I have been through both Rita and Ike with bees. I just put something heavy on top of them, like a cinder block. I have only lost two hives (out of about 100) and those where during Ike. They weren't quite far enough away from a large Oak tree that went down, and got crushed.


----------



## BEES4U (Oct 10, 2007)

Hurricane Bill
Category 4
Wind speed is now at 140 mph.
Ernie


----------



## DiverDog (Apr 22, 2009)

Tom G. Laury said:


> C'mon, El Ninö,................C'mon Pineapple express!

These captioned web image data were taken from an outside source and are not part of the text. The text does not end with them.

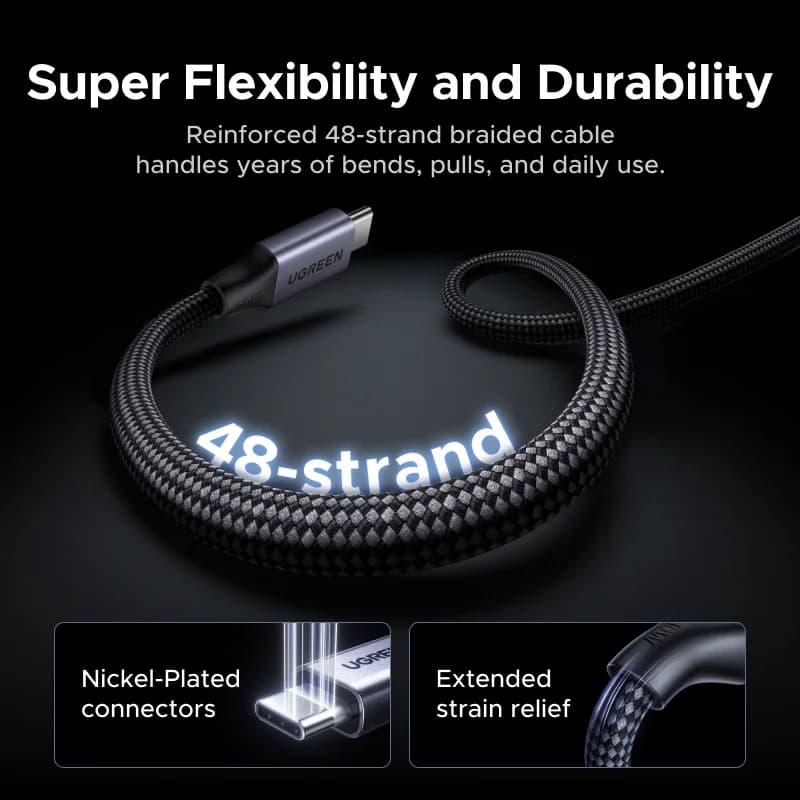 Cabo de Carregamento Trançado Magnético USB-C 240W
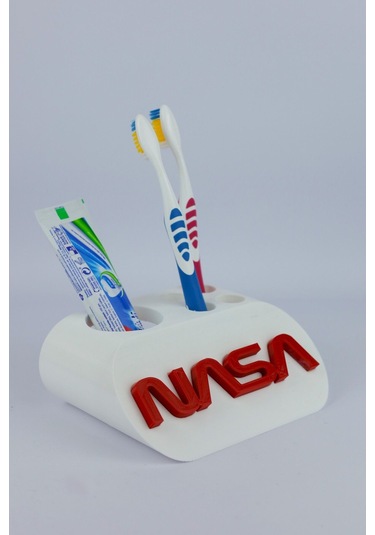 Nasa - Dekoratif Diş Fırçalık Beyaz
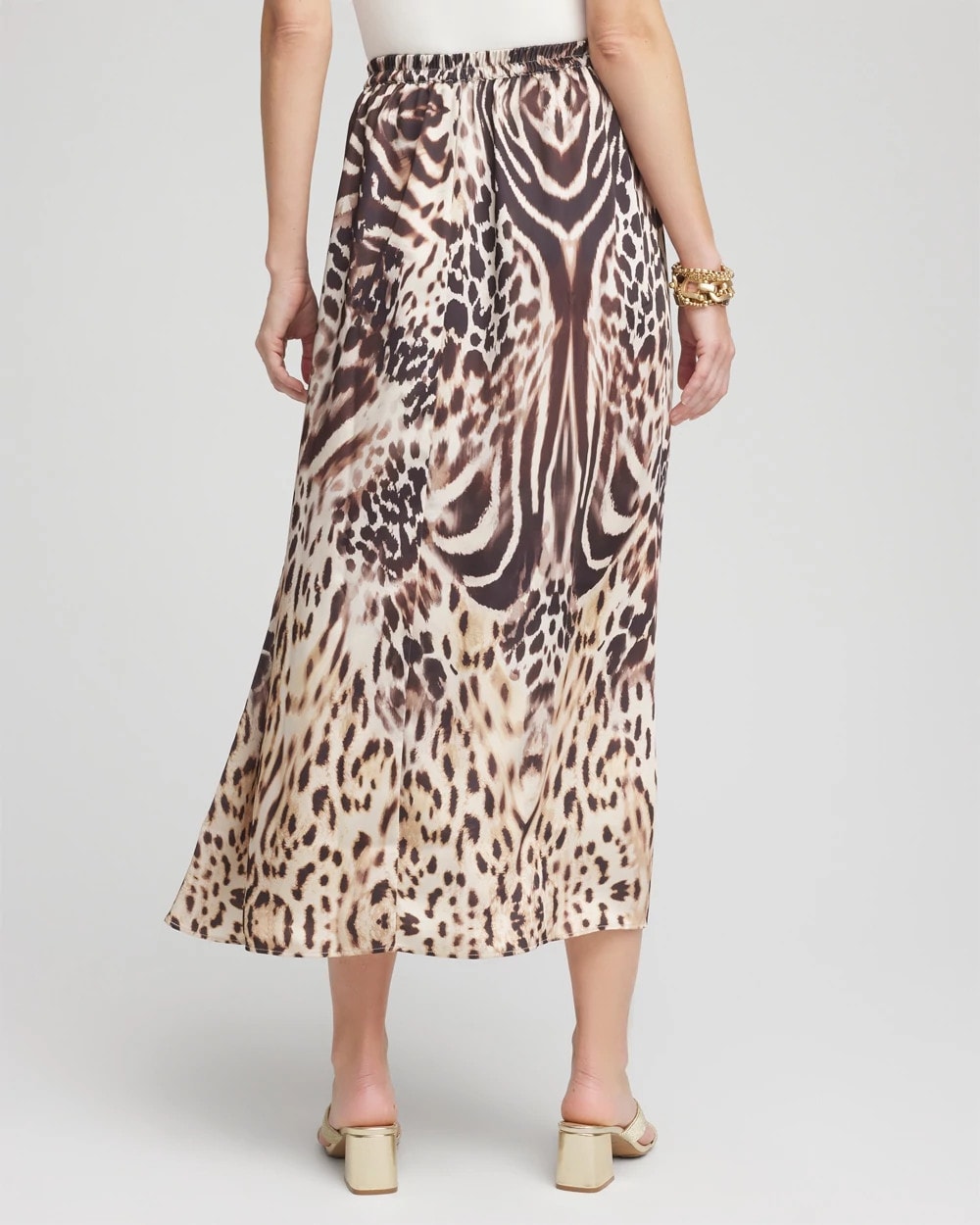Chico's Clothing Animal Bengal Marks Faux Satin Skirt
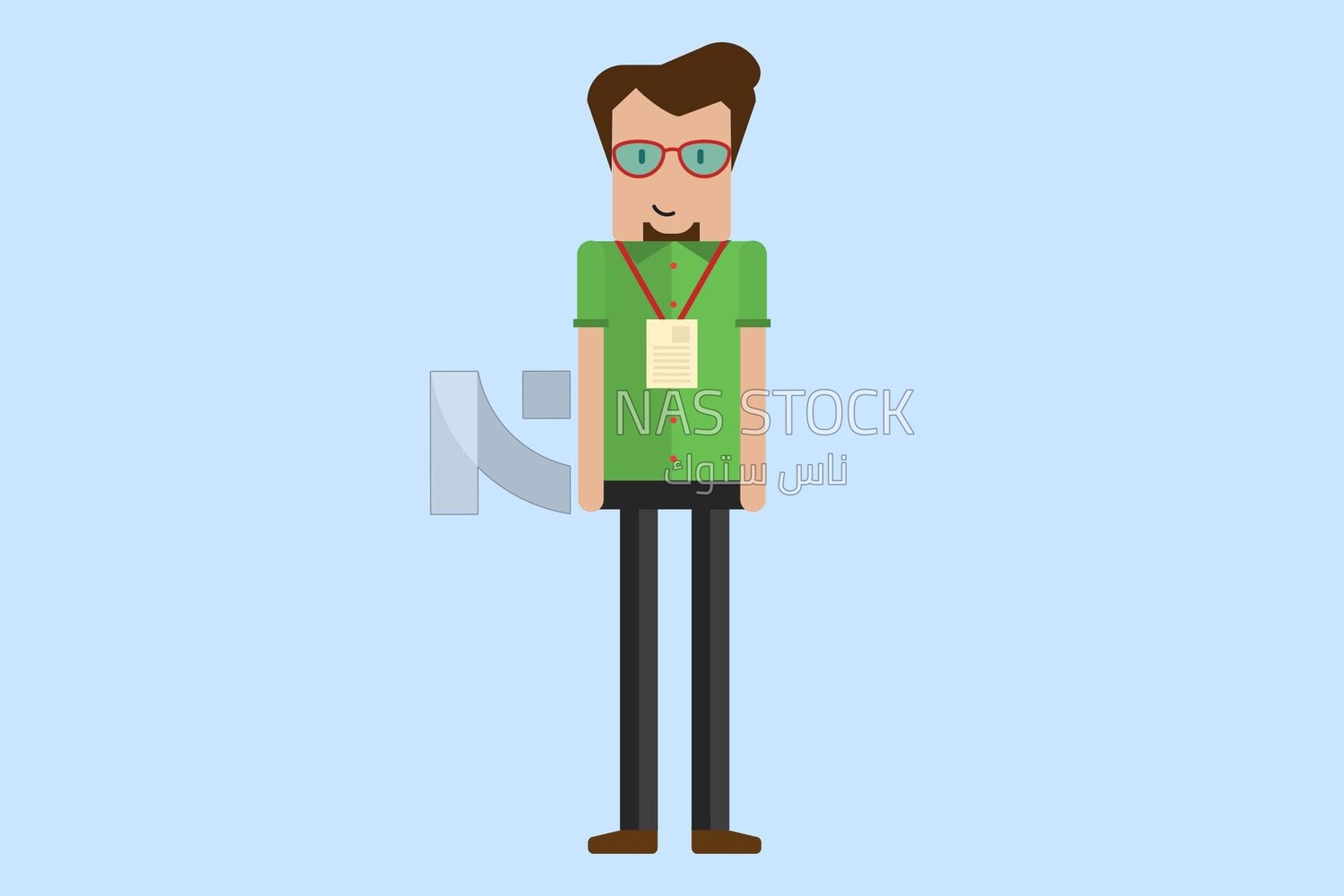 Character of an employee man standing, Vector Illustrator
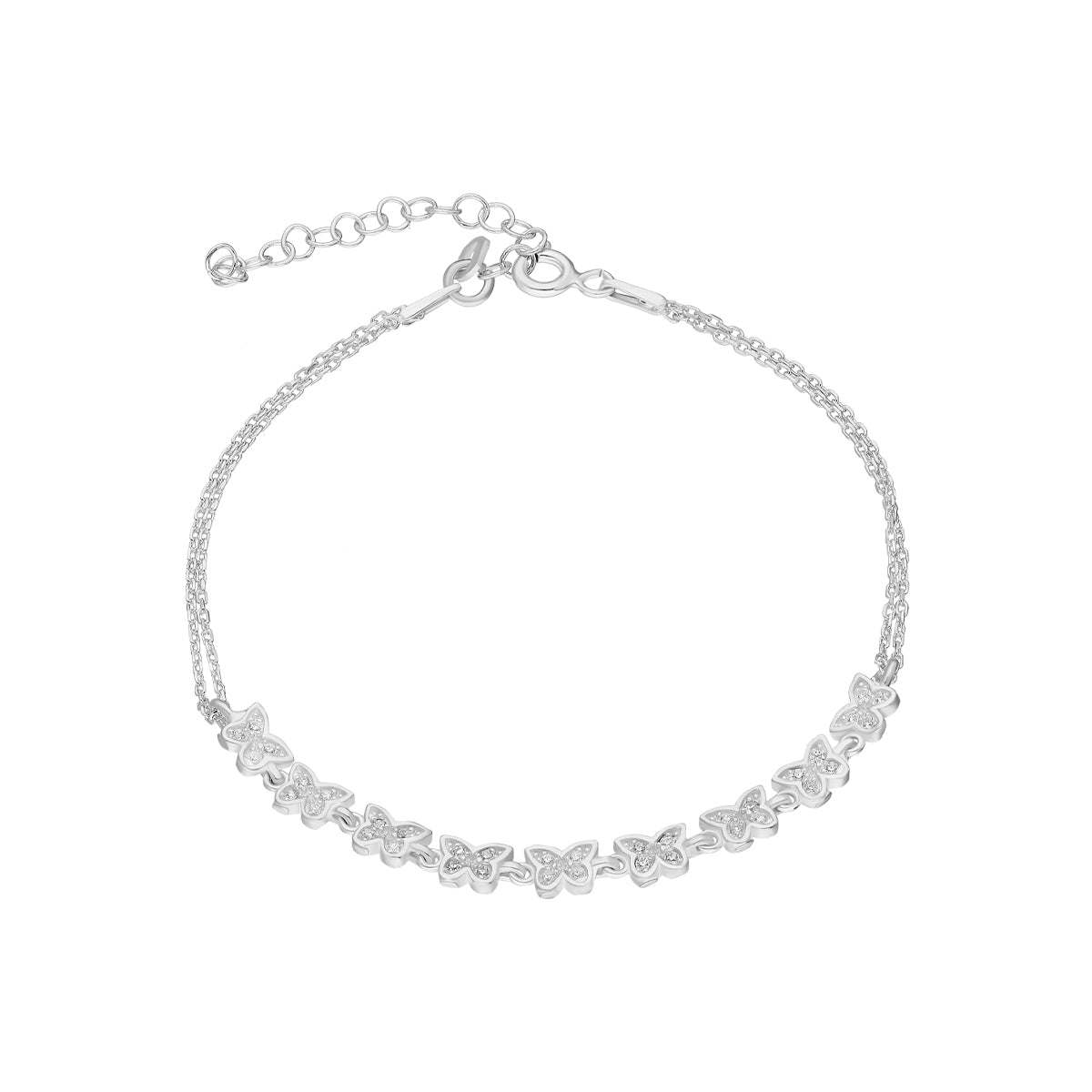 BUTTERFLY ARMKETTE MIT ZIRKONIA aus 925 Silber - Eleganter Halskette - AURIME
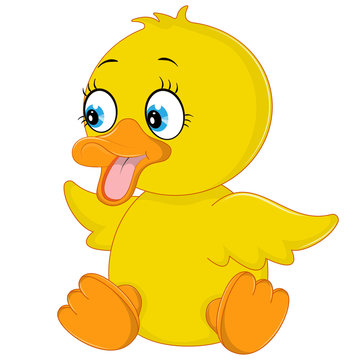 Cute little yellow duckling sitting isolated on a white background.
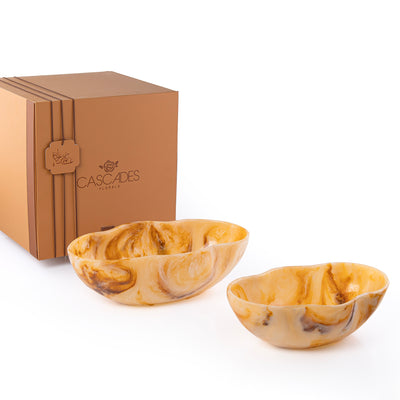 Set of 2 Resin Bowls with gift box -Amber
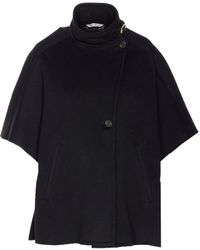 Max Mara - Button-Fastening High-Neck Cape - Lyst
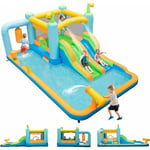 Château Gonflable Géant Enfants 3-10 Ans sans Souffleur-Piscine/Double Toboggan/Canons à Eau/Sac de Sable-Charge 45+45KG - Goplus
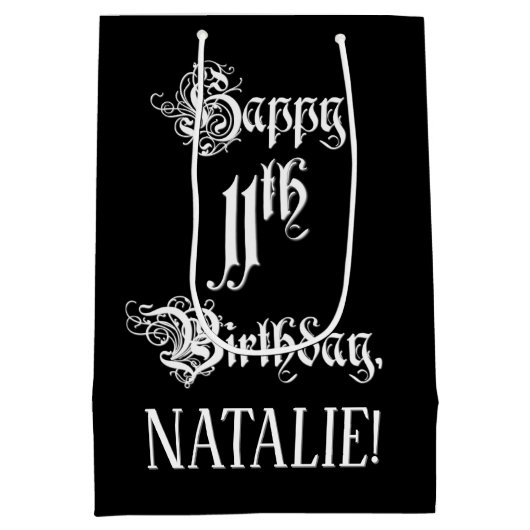 Sac Cadeau Moyen 11e anniversaire : Fancy, Elegant Script + Nom per (Dos)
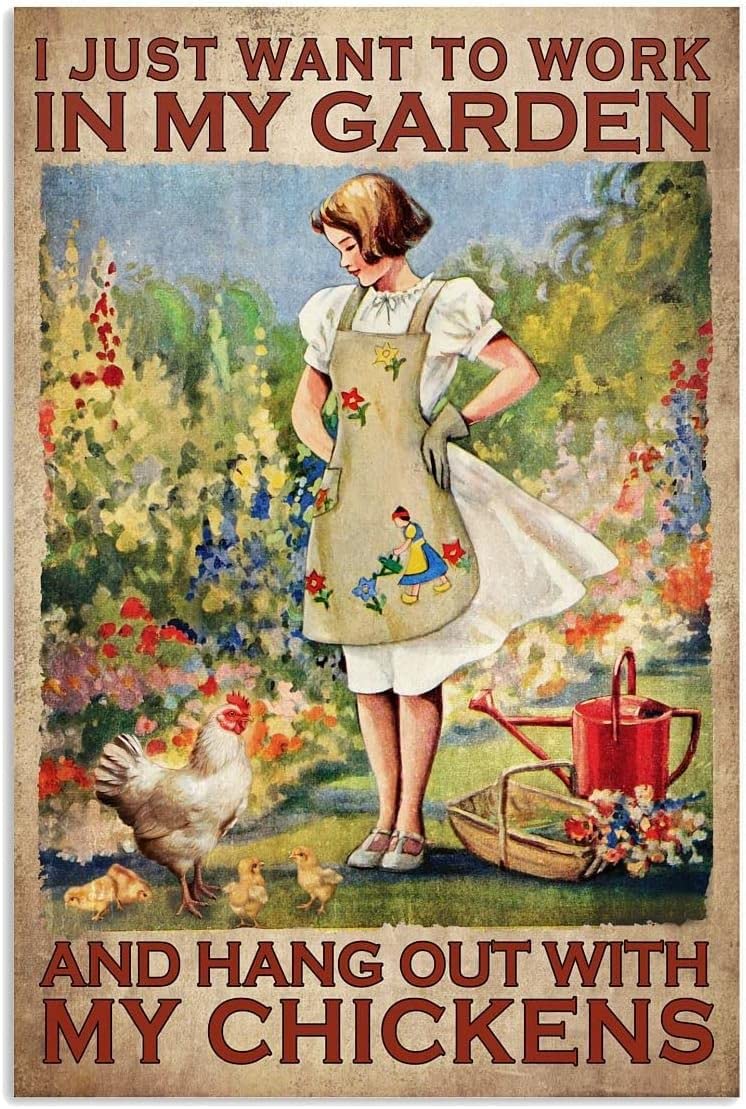 Retro Style Metal Sign Gardening And Chicken I Just Want To Work In My Garden And Hang Out With My Chickens Metal Funny Retro Mural Vintage Metal Sign Poster 8X12 Inches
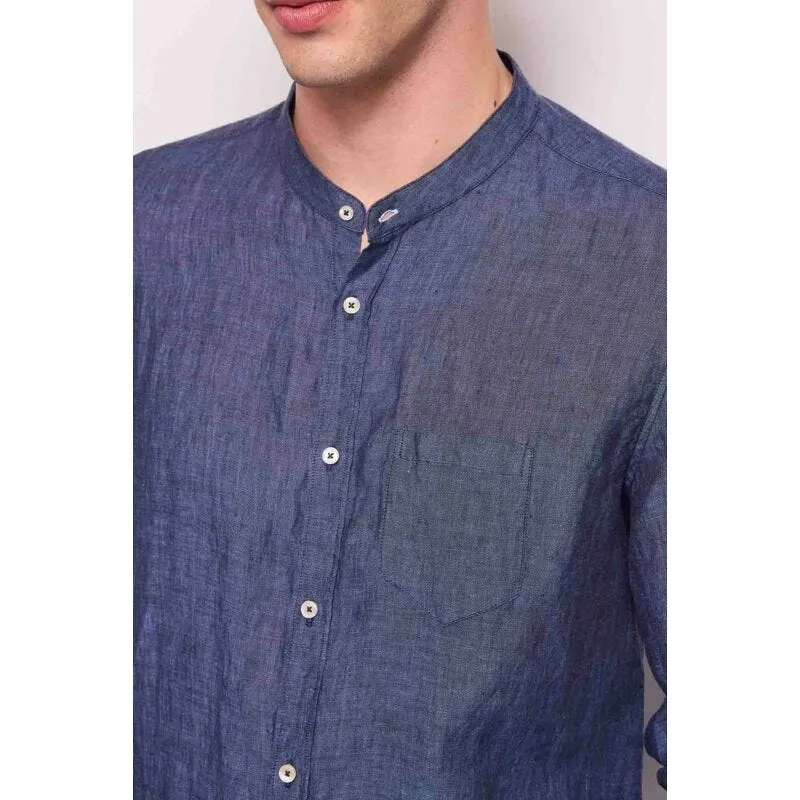 Camicia blu da uomo in lino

I started laughing my butt off over this one. My wife is in the kitchen just looking at me weirdly, and then I read your post. Thought she was gonna spit the water right out of her mouth.


----------



## BEES4U (Oct 10, 2007)

Hurrican Bill's update:
http://www.stormpulse.com/
Ernie


----------



## BEES4U (Oct 10, 2007)

Pacific Basin:
And. here's HILDA!
http://www.stormpulse.com/pacific
Ernie


----------



## BEES4U (Oct 10, 2007)

Hilda update:

Hilda to San Diego -2,258 miles
Ernie


----------



## BEES4U (Oct 10, 2007)

Hurricane Bill is headed to the UK:
http://www.stormpulse.com/
Ernie


----------



## Hambone (Mar 17, 2008)

BEES4U said:


> Here is a good web site on current hullicanes:
> 
> http://www.stormpulse.com/


There is another one brewing.


----------